Indian communities have existed in the Gulf emirate of Dubai for more than a century. Since the 1970s, workers from South Asia have flooded into the emirate, enabling Dubai's huge construction boom. They now compose its largest noncitizen population. Though many migrant families are middle-class and second-, third-, or even fourth-generation residents, Indians cannot become legal citizens of the United Arab Emirates. Instead, they are all classified as temporary guest workers. In Impossible Citizens, Neha Vora draws on her ethnographic research in Dubai's Indian-dominated downtown to explore how Indians live suspended in a state of permanent temporariness.

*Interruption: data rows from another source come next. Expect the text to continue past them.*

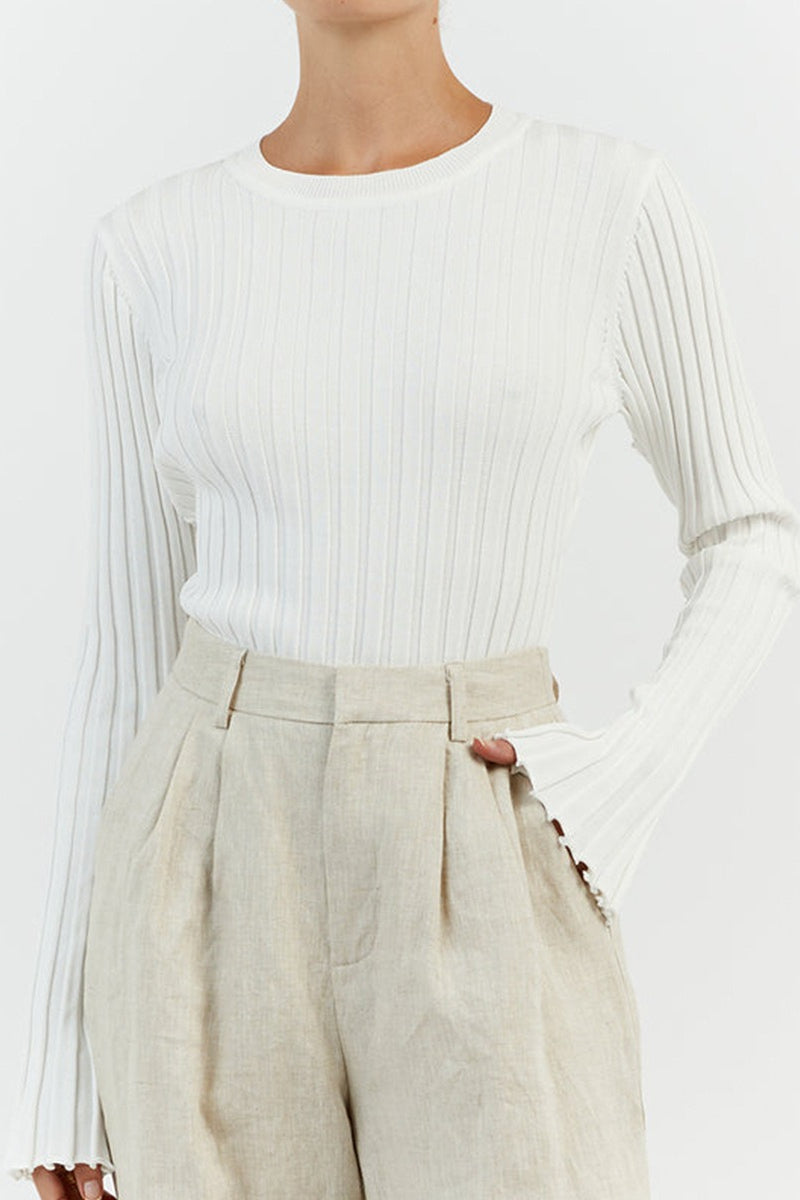 Ribbed Crew Neck Solid Slim Knit Base Layer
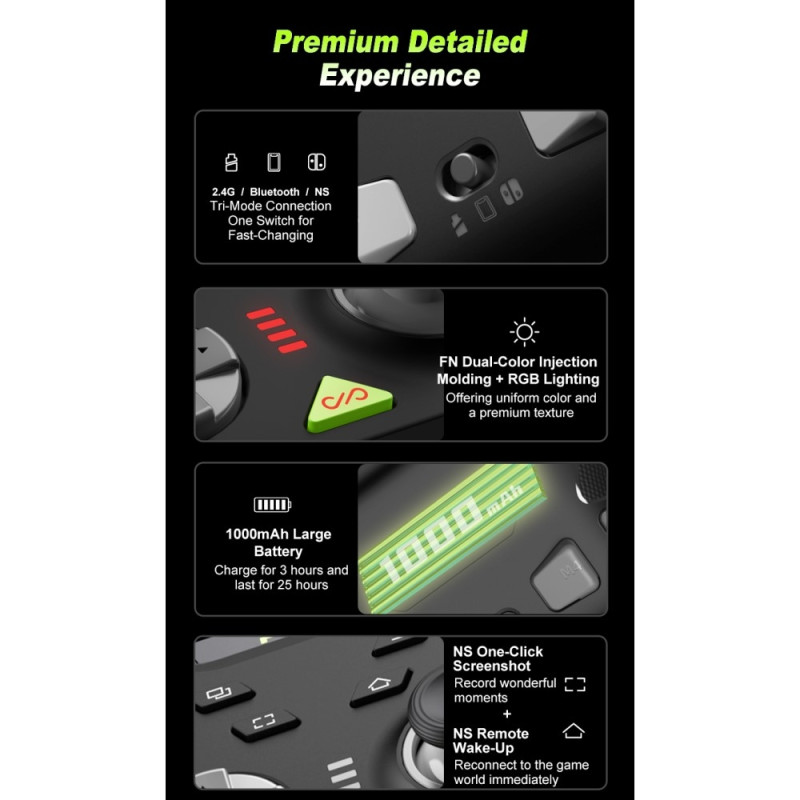 Bluetooth trådløs spillkontroller med mottaker kompatibel med Steam PC Android iOS Nintendo Switch - Svart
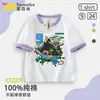 Camisetas de Manga Corta Co-Branded de Minecraft para Hombre y Mujer, Ropa Versátil de Algodón Puro Creeper de Minecraft para Niños en Verano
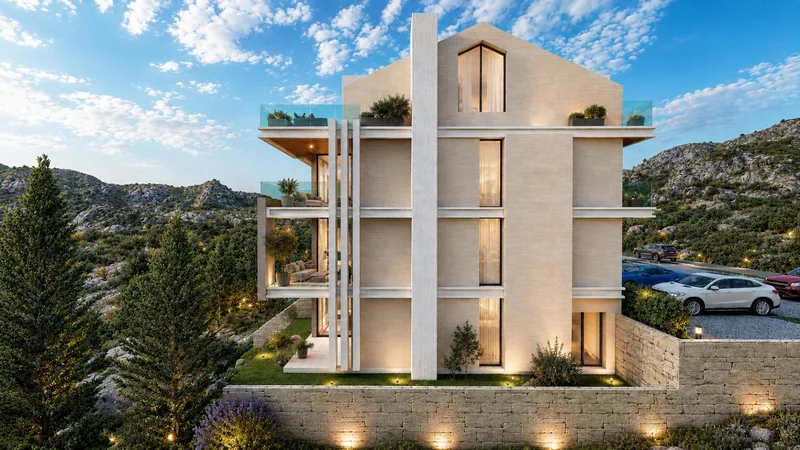 Side elevation with the gabled roof and terraces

While their legal status defines them as perpetual outsiders, Indians are integral to the Emirati nation-state and its economy. At the same time, Indians—even those who have established thriving diasporic neighborhoods in the emirate—disavow any interest in formally belonging to Dubai and instead consider India their home. Vora shows how these multiple and conflicting logics of citizenship and belonging contribute to new understandings of contemporary citizenship, migration, and national identity, ones that differ from liberal democratic models and that highlight how Indians, rather than Emiratis, are the quintessential—yet impossible—citizens of Dubai.


Product Details

ISBN-13: 9780822397533
Publisher: Duke University Press
Publication date: 03/18/2013
Sold by: Barnes & Noble
Format: eBook
Pages: 264
File size: 4 MB

About the Author

Neha Vora is Assistant Professor of Anthropology at Lafayette College in Easton, Pennsylvania.

Read an Excerpt

IMPOSSIBLE CITIZENS

DUBAI'S INDIAN DIASPORA


By NEHA VORA

DUKE UNIVERSITY PRESS

Copyright © 2013Duke University Press
All rights reserved.
ISBN: 978-0-8223-5393-5


Excerpt

CHAPTER 1

A TALE OF TWO CREEKS

COSMOPOLITAN PRODUCTIONS AND COSMOPOLITAN ERASURES IN CONTEMPORARY DUBAI


On my first visit to Dubai, in 2004, Gautam, a family friend who would come to be one of my primary interlocutors, picked me up from my hotel on Al Rolla Street in the downtown Bur Dubai neighborhood and drove me out to a newly constructed hotel complex named Madinat Jumeirah on the edge of town, in an area that was beginning to be called "New Dubai." It was the beginning of September—the hottest time of the year—and the resort had only recently opened. A megacomplex consisting of two hotels, an indoor mall, a theater, and several restaurants and nightclubs, Madinat Jumeirah was styled as a "traditional" Emirati village surrounding a reproduction of the Dubai Creek, the main body of water that divides the emirate of Dubai and that has until recently been the historical center of the city's maritime trade. Madinat Jumeirah's creek reproduction was complete with abras (water ferries) to shuttle hotel guests to private villas, and it boasted a stunning view of the sail shaped ultramodern Burj al-Arab hotel in the background (see figure 1.1). Even with many of the storefronts empty and the restaurants not yet open, the place was breathtaking. Gautam and I spent hours walking around the complex, ducking into narrow alleys in the indoor souk (market) to see what we would find, having a drink "creekside," and convincing an Indian security guard to grant us access to the even more posh area reserved for hotel guests. I was enthralled by the perfect beauty of the architecture and by the air-conditioned luxury that surrounded me, a stark contrast to Bur Dubai and the other neighborhoods surrounding the actual Dubai Creek, where I was living and conducting research.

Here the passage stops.